▶ **Input data**:

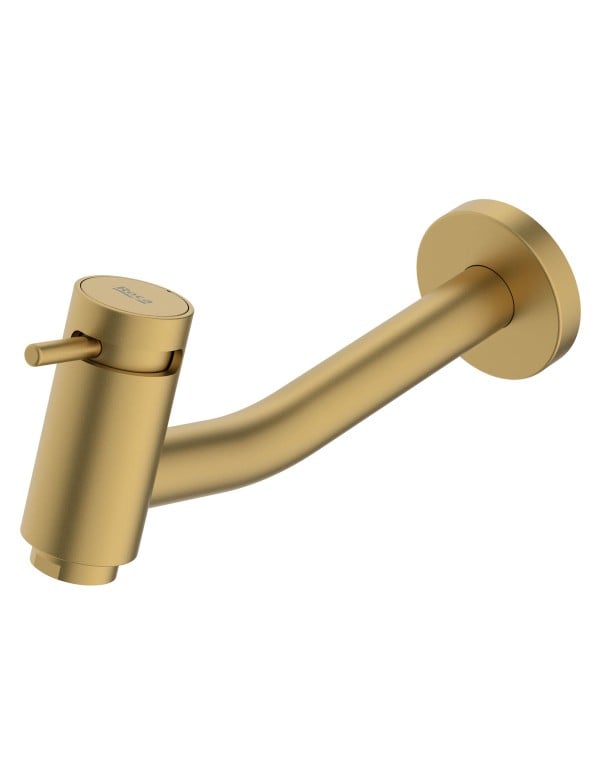 Torneira Para Lavatório De Parede Roca Basic Gold Matte B5057C7R1B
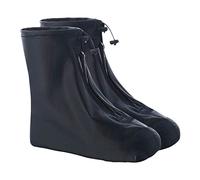 Waterproof Rain Overshoes with Zip for Men and Women - Non-Slip High-Top Boot Cover Ideal for Wet Dirt Cold Reusable Galoshes for Outdoor Activities (Black, XL)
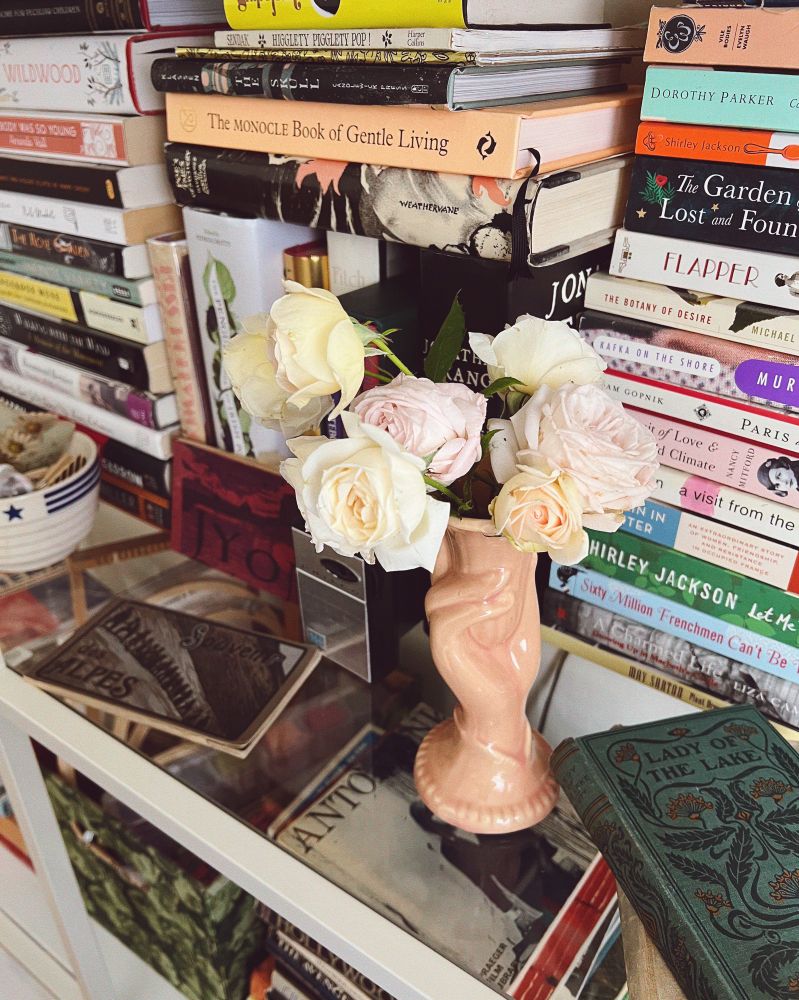 Pink and cream roses - Madame Anisette garden roses in a vase with a hand on a haphazard, messy book shelf.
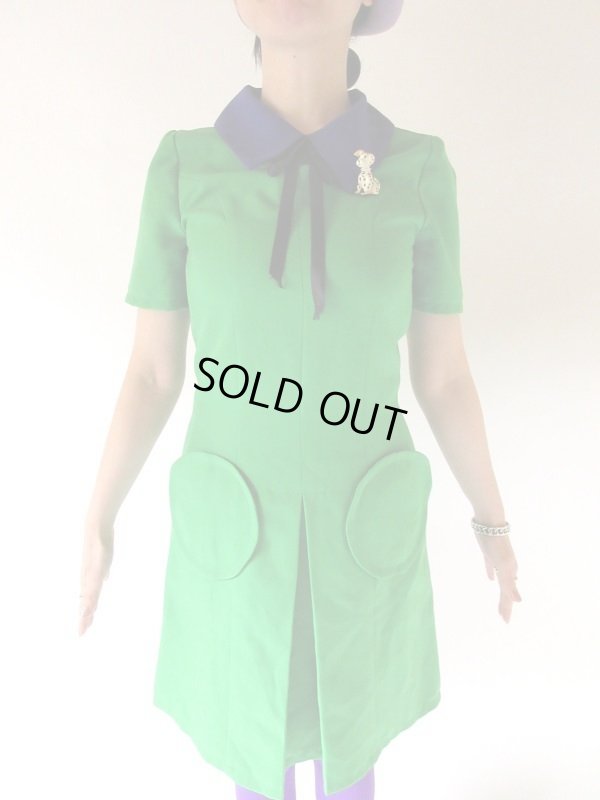 画像4: 【ブローチと２点セット*】レトロシルエットのバイカラーワンピース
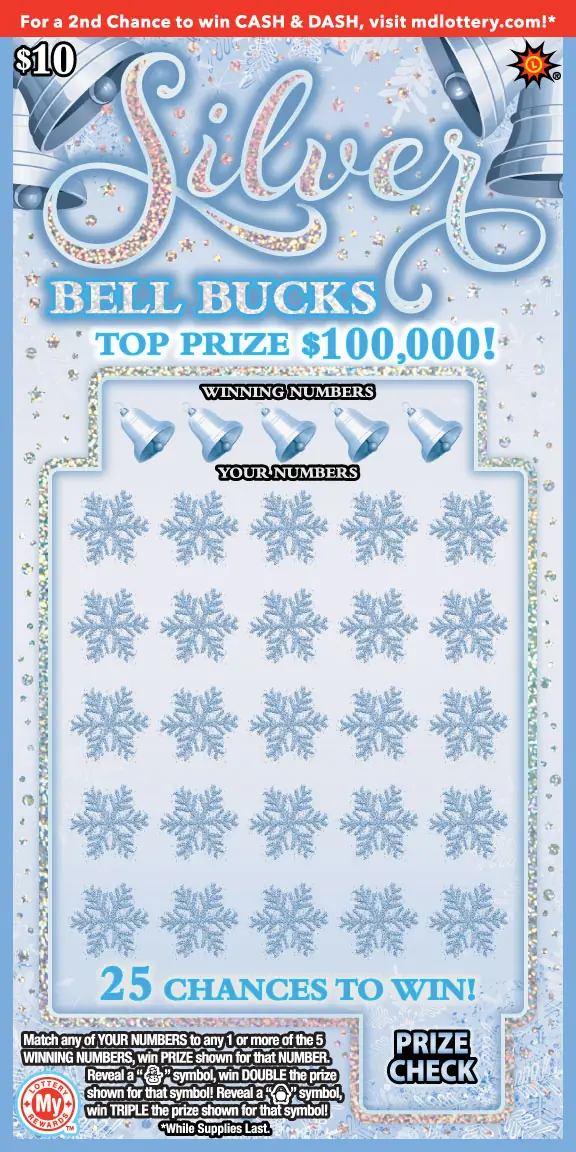 Silver Bell Bucks Maryland scratch-off ticket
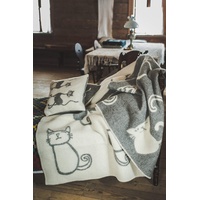 Ger3as Wendedecke Wolldecke Plaid 130 x 200 cm Warme Decke aus Schafwolle Decke Kuscheldecke Wolle Überwurf, Plaid oder Kuscheldecke für Sofa (Katze Grau)
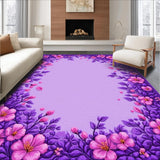 Ultra Soft Area Rug, Non Slip, Stain Resistant, Washable Area Rugs for Living Room, Bedroom, Feminine Round Petal Aesthetic(Purple)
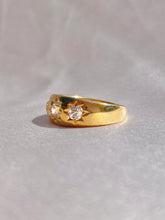 Load image into Gallery viewer, Antique 18k Trilogy Diamond Gypsy Ring 0.65cts
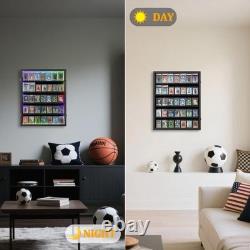 Graded Trading Card Display Case 35 RGB LED Light Sport PSA Slabs Wood Cabinet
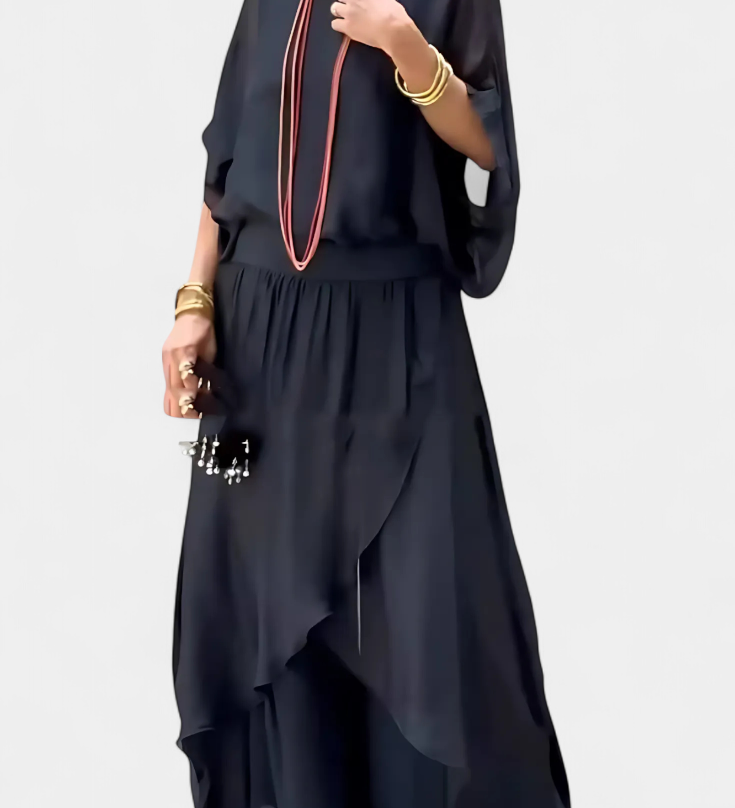 Elegante Conjunto de Dos Piezas con Top Holgado y Falda Asimétrica - La Perfecta Combinación de Estilo y Comodidad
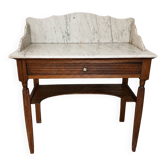 Coiffeuse ancienne en bois et marbre blanc veiné, style Louis XVI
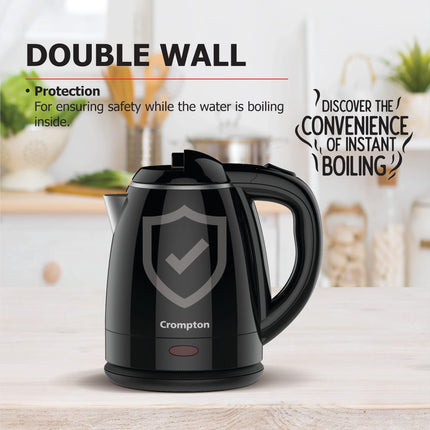 Crompton ActivHot Electric Kettle | 1.2 Litres | Cool Touch | Black 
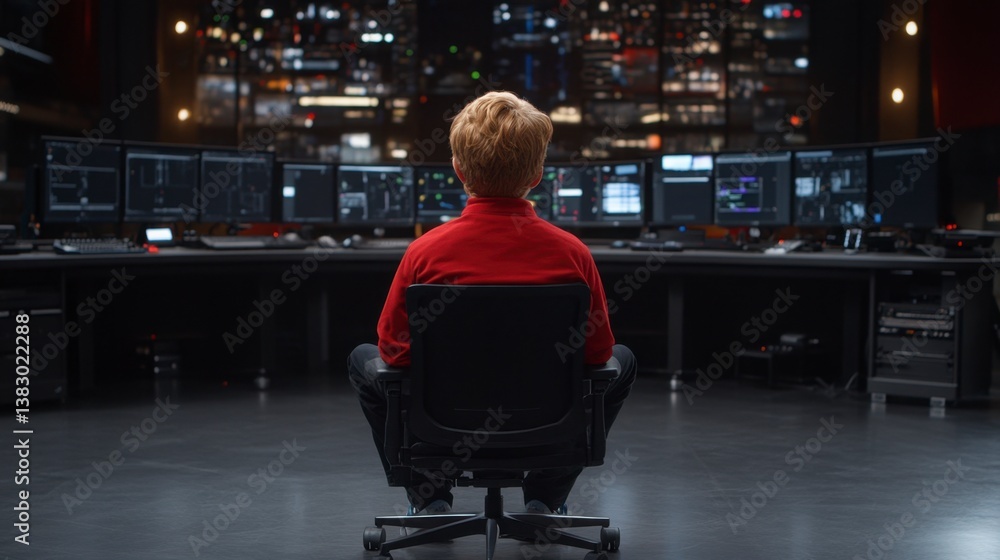 Poster person in red shirt sits in a chair facing multiple computer screens displaying city data in a dark 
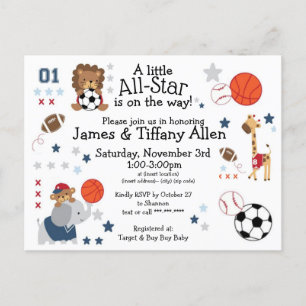 All-Star baby announcement post card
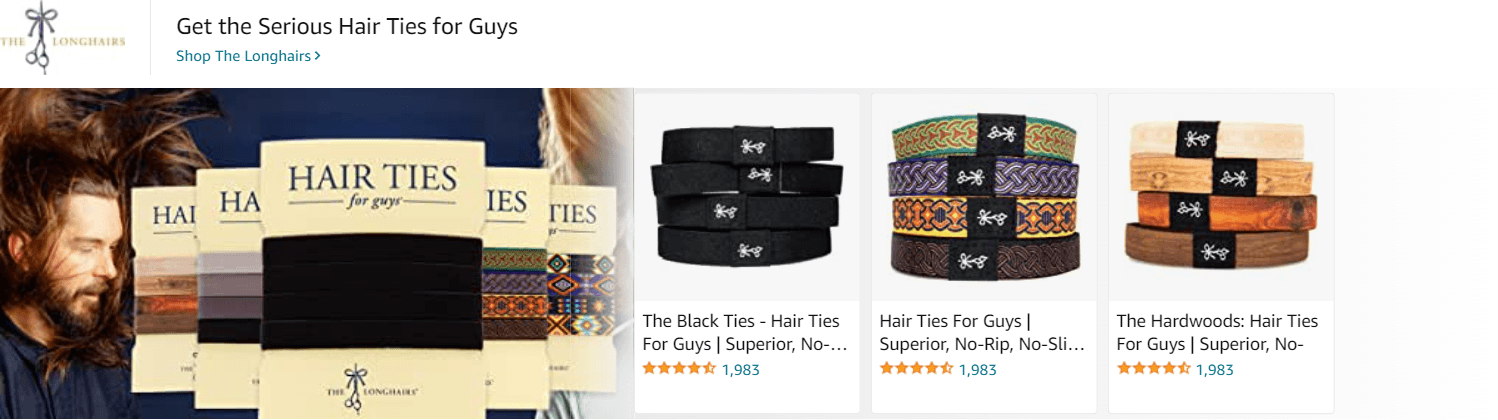 Ad - Sponsored Brand for Amazon.com   hair ties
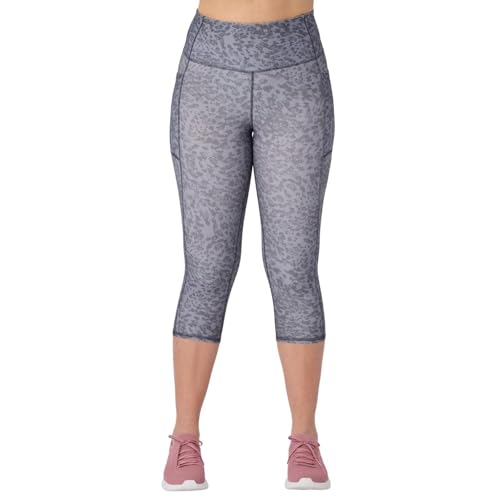 High Waisted Capri Pants for Women - Asphalt Cheetah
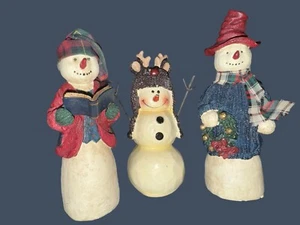 Primitive Country Snowmen Set Of 3 Excellent Snowman Family Winter Christmas - Picture 1 of 8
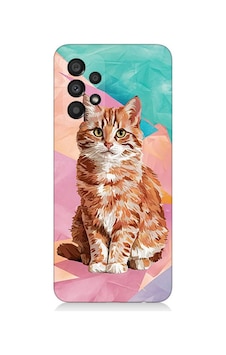 Samsung Galaxy A73 Uyumlu Renkli Kedi Desenli Silikon Kılıf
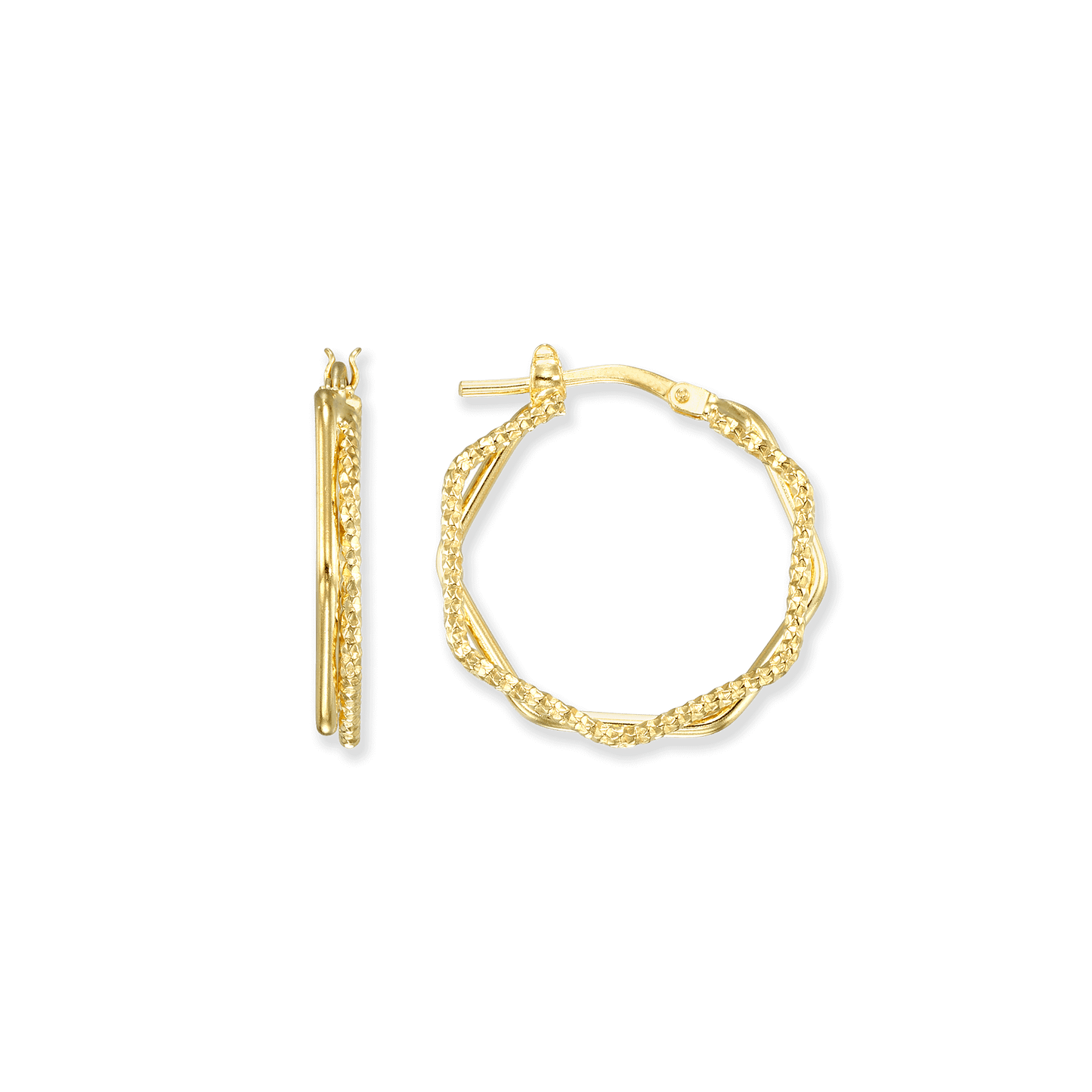 Stellari Gold Dual Textured Hexagon Hoops
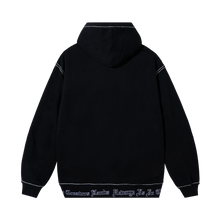 Load image into Gallery viewer, CONTRAST EMBROIDERED ZIP HOODIE BLACK/BLACK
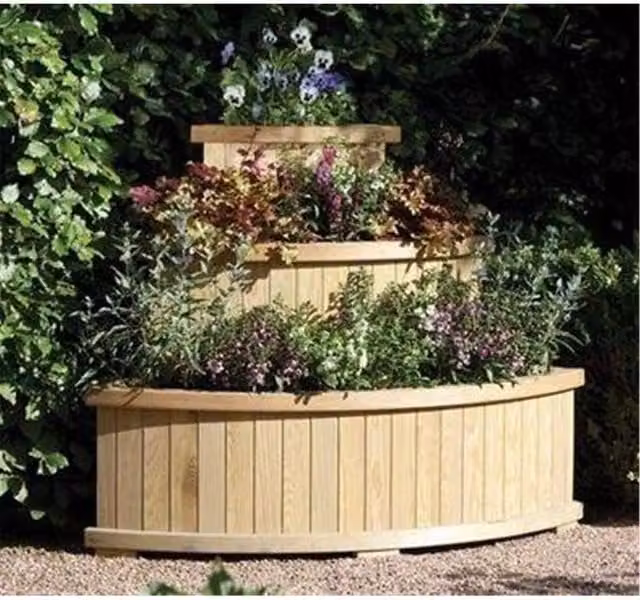 Cheshire Deluxe Cascade Planter in Light Oak Brown and Beige Wood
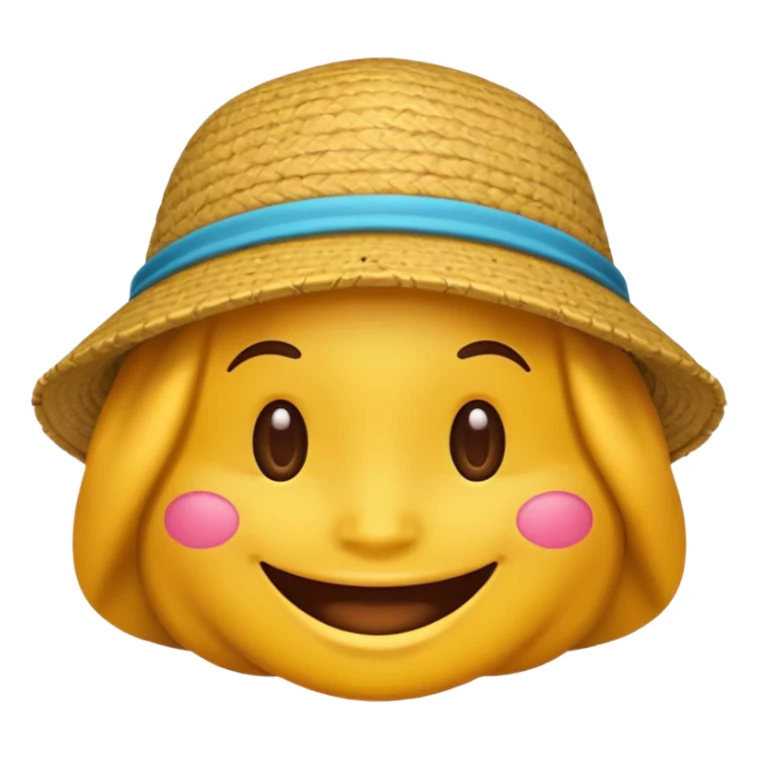 African hat on smiling yellow emoji sticker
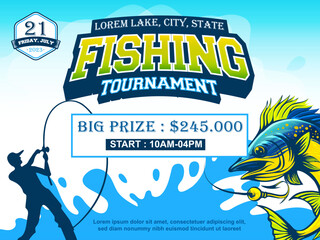 fishing tournament flayer vector template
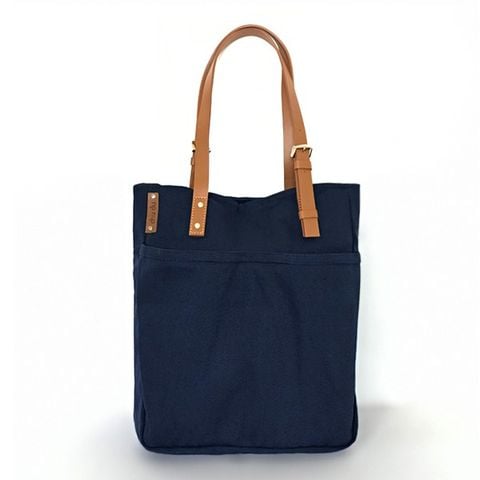  Túi Tote Canvas Quai Da Thời Trang Nam Nữ Chu Du - August Bag - Xanh Navy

▶ **Exercise brief**:
What you return should match the entries word for word, pictures aside.

▶ **Exercise output**:
 Torneira Para Lavatório De Parede Roca Basic Gold Matte B5057C7R1B
 Waterproof Rain Overshoes with Zip for Men and Women - Non-Slip High-Top Boot Cover Ideal for Wet Dirt Cold Reusable Galoshes for Outdoor Activities (Black, XL)
 Pink and cream roses - Madame Anisette garden roses in a vase with a hand on a haphazard, messy book shelf.
 画像4: 【ブローチと２点セット*】レトロシルエットのバイカラーワンピース
 Silver Bell Bucks Maryland scratch-off ticket
 Ger3as Wendedecke Wolldecke Plaid 130 x 200 cm Warme Decke aus Schafwolle Decke Kuscheldecke Wolle Überwurf, Plaid oder Kuscheldecke für Sofa (Katze Grau)
 Ultra Soft Area Rug, Non Slip, Stain Resistant, Washable Area Rugs for Living Room, Bedroom, Feminine Round Petal Aesthetic(Purple)
 Load image into Gallery viewer, Antique 18k Trilogy Diamond Gypsy Ring 0.65cts
 Graded Trading Card Display Case 35 RGB LED Light Sport PSA Slabs Wood Cabinet
 Elegante Conjunto de Dos Piezas con Top Holgado y Falda Asimétrica - La Perfecta Combinación de Estilo y Comodidad
 Coiffeuse ancienne en bois et marbre blanc veiné, style Louis XVI
 Crompton ActivHot Electric Kettle | 1.2 Litres | Cool Touch | Black 
 Poster person in red shirt sits in a chair facing multiple computer screens displaying city data in a dark 
 All-Star baby announcement post card
 Ad - Sponsored Brand for Amazon.com   hair ties
 High Waisted Capri Pants for Women - Asphalt Cheetah
 Primitive Country Snowmen Set Of 3 Excellent Snowman Family Winter Christmas - Picture 1 of 8
 Samsung Galaxy A73 Uyumlu Renkli Kedi Desenli Silikon Kılıf
 Stellari Gold Dual Textured Hexagon Hoops
 Load image into Gallery viewer, CONTRAST EMBROIDERED ZIP HOODIE BLACK/BLACK
 Cheshire Deluxe Cascade Planter in Light Oak Brown and Beige Wood
 African hat on smiling yellow emoji sticker
 fishing tournament flayer vector template
  Túi Tote Canvas Quai Da Thời Trang Nam Nữ Chu Du - August Bag - Xanh Navy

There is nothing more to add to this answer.